→ **WHAT IS EXPECTED**: All of the entries should be restated word for word, but without their pictures.

++++ INFORMATION GIVEN

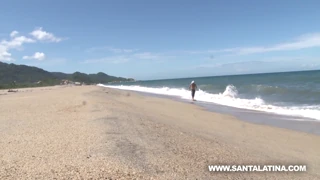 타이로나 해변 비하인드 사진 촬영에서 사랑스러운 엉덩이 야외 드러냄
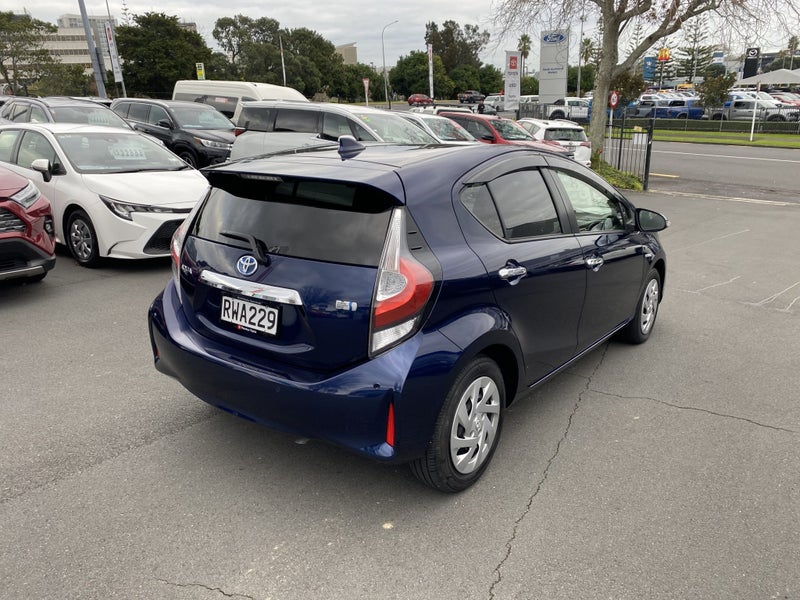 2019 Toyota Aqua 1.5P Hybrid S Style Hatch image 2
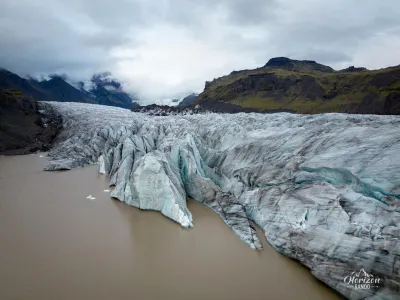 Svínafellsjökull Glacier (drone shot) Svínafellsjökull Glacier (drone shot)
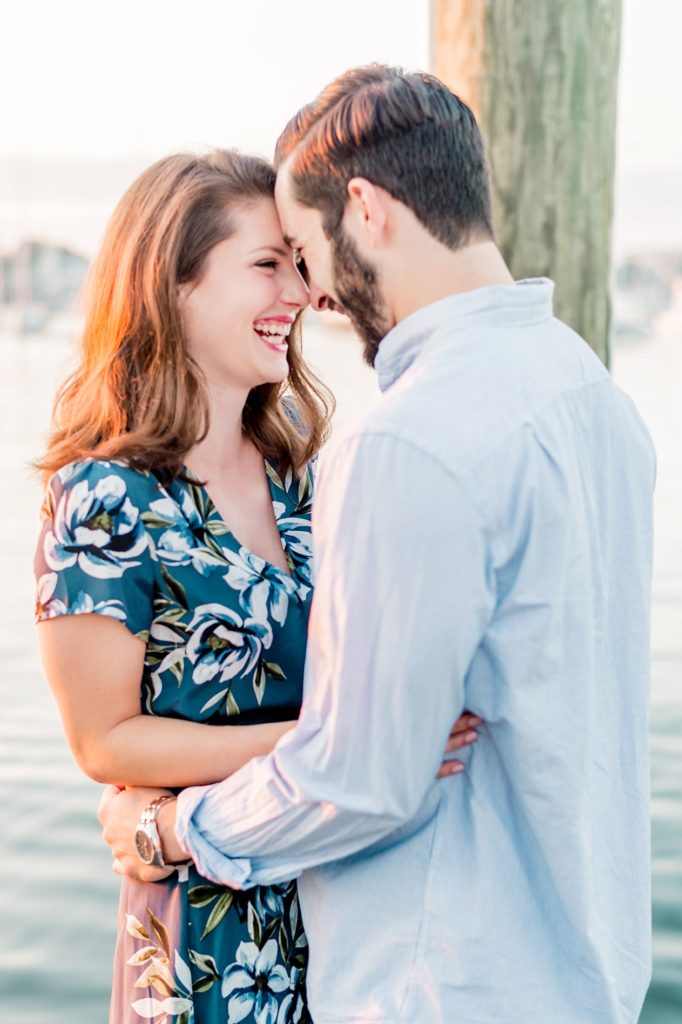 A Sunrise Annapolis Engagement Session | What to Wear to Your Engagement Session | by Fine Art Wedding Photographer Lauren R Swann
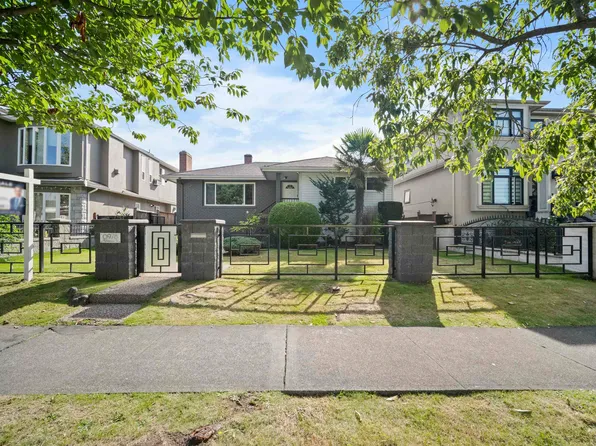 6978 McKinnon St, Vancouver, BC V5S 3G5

++++++++

→ **ANSWER TO THIS PROBLEM**:
 타이로나 해변 비하인드 사진 촬영에서 사랑스러운 엉덩이 야외 드러냄
 2019 Toyota Aqua 1.5P Hybrid S Style Hatch image 2
 Svínafellsjökull Glacier (drone shot) Svínafellsjökull Glacier (drone shot)
 A Sunrise Annapolis Engagement Session | What to Wear to Your Engagement Session | by Fine Art Wedding Photographer Lauren R Swann
 6978 McKinnon St, Vancouver, BC V5S 3G5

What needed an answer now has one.